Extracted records
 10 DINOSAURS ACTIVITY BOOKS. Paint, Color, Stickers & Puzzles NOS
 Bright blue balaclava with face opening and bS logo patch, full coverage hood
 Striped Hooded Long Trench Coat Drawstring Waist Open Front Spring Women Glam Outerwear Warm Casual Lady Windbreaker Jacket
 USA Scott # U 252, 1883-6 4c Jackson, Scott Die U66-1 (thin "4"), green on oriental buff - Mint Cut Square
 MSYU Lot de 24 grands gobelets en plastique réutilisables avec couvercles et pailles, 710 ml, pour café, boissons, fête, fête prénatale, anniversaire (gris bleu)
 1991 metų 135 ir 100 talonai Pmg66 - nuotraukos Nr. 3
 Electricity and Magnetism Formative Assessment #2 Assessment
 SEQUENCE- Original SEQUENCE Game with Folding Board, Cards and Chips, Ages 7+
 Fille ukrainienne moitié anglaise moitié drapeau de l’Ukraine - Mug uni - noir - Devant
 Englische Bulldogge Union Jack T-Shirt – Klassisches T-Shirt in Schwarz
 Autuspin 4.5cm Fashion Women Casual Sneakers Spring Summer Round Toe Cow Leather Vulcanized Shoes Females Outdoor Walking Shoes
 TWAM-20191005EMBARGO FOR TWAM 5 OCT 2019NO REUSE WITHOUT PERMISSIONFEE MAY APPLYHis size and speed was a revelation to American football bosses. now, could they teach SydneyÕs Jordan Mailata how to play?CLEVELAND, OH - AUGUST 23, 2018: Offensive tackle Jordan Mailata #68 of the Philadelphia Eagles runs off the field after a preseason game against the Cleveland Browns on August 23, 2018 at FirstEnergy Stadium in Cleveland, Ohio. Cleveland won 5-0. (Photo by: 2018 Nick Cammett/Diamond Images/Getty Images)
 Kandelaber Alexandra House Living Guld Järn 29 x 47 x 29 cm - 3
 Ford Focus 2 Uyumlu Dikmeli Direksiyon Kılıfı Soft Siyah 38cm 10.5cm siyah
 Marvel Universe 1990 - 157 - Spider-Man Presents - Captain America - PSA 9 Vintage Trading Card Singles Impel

Description of the task
Which lines in the data above contain "Spring"? Show each one.

Response to the exercise
 Striped Hooded Long Trench Coat Drawstring Waist Open Front Spring Women Glam Outerwear Warm Casual Lady Windbreaker Jacket
 Autuspin 4.5cm Fashion Women Casual Sneakers Spring Summer Round Toe Cow Leather Vulcanized Shoes Females Outdoor Walking Shoes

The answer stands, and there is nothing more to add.